**What to produce**. When you return the data, keep every line exactly as it is and leave out the pictures.

**Extracted data**.
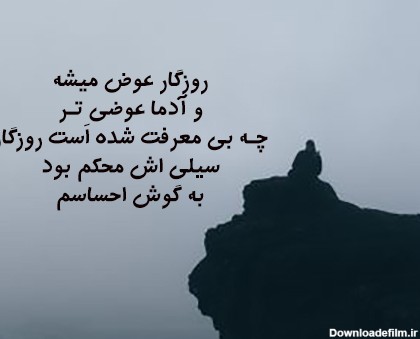 عکس نوشته زندگی تلخ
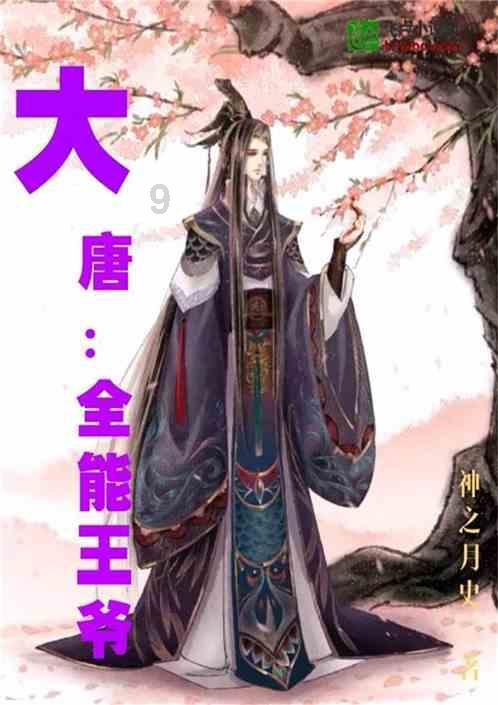 洛河发电公司:职工快闪唱新年 歌声嘹亮颂祖国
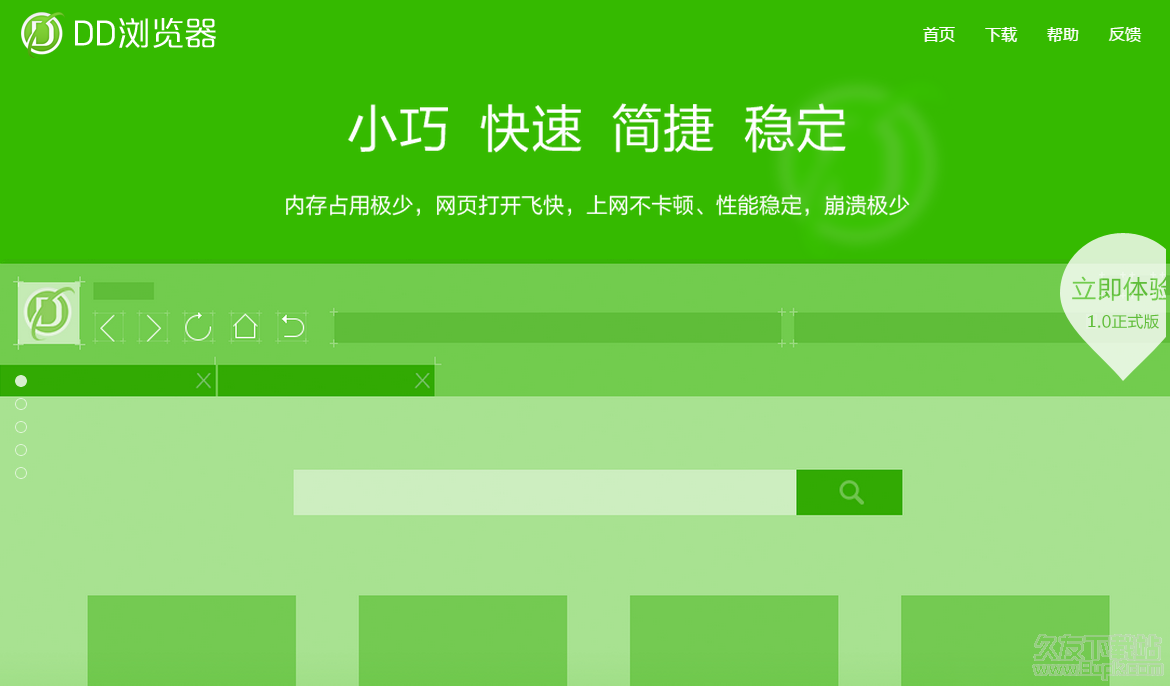 DD浏览器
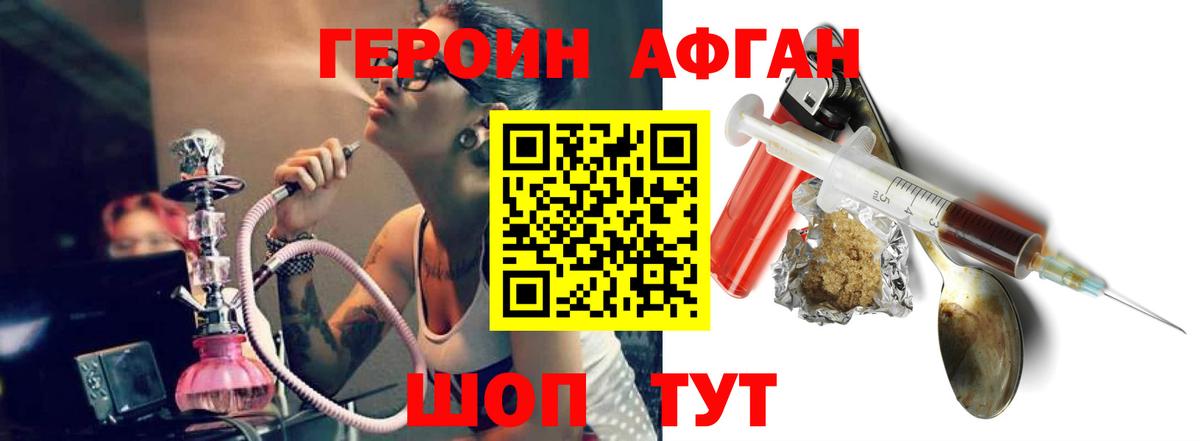 Алушта  Героин афганец  Вход с VPN 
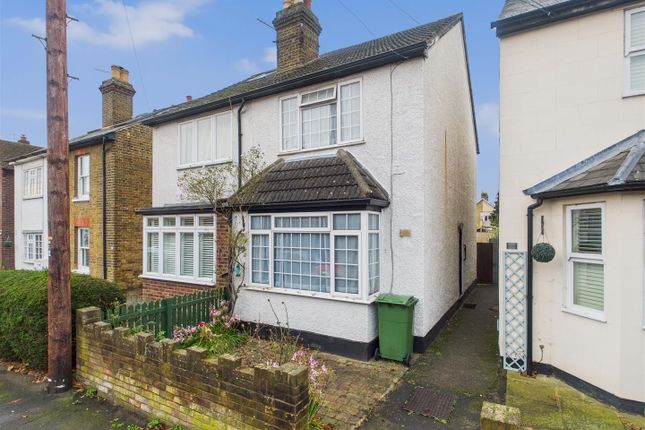 2 bedroom semi-detached house for sale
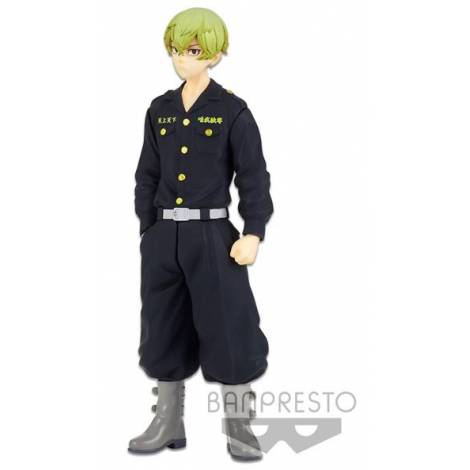 Banpresto Tokyo Revengers - Chifuyu Matsuno Statue (16cm) (17961)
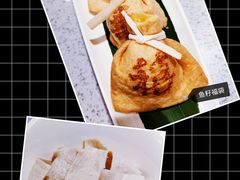 -海底捞大排档火锅(悦荟广场店)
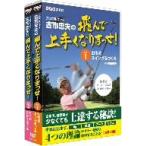 p Logo ru мех старый город . Хара. ... хорошо сделанный . становится ...! DVD-BOX/ старый город . Хара, видеть ..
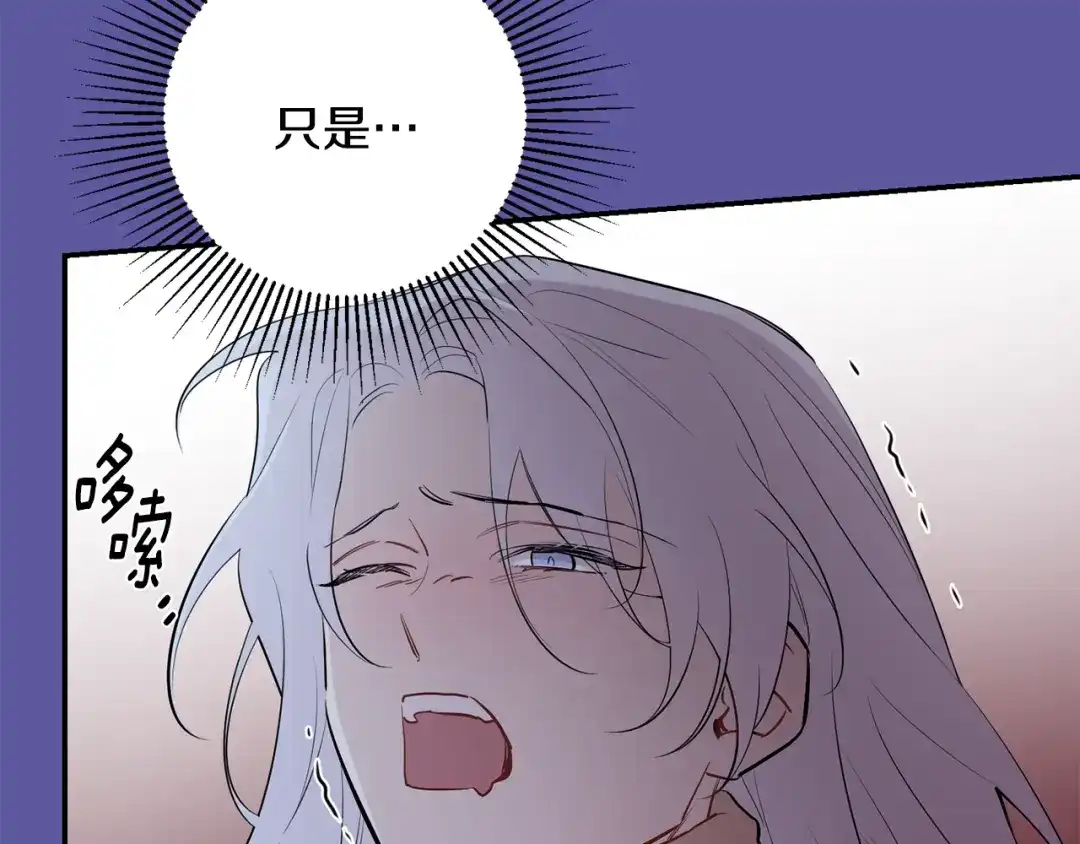月光嚎叫 第56话 保护你 第103页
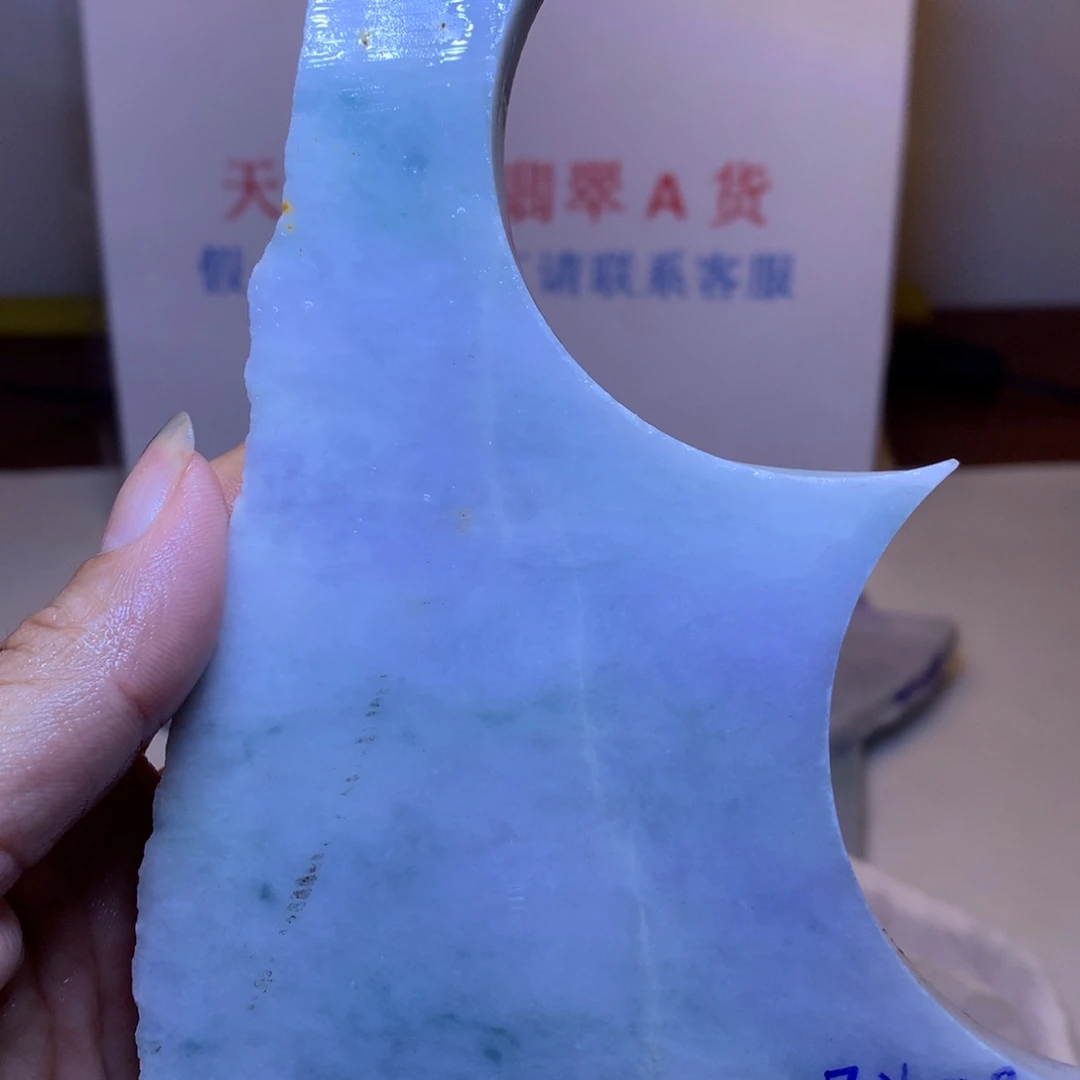 翡翠裸石翡翠裸石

**Result**.
 عکس نوشته زندگی تلخ
 洛河发电公司:职工快闪唱新年 歌声嘹亮颂祖国
 DD浏览器
 Алушта  Героин афганец  Вход с VPN 
 2 bedroom semi-detached house for sale
 Banpresto Tokyo Revengers - Chifuyu Matsuno Statue (16cm) (17961)
 -海底捞大排档火锅(悦荟广场店)
 p Logo ru мех старый город . Хара. ... хорошо сделанный . становится ...! DVD-BOX/ старый город . Хара, видеть ..
月光嚎叫 第56话 保护你 第103页
 翡翠裸石翡翠裸石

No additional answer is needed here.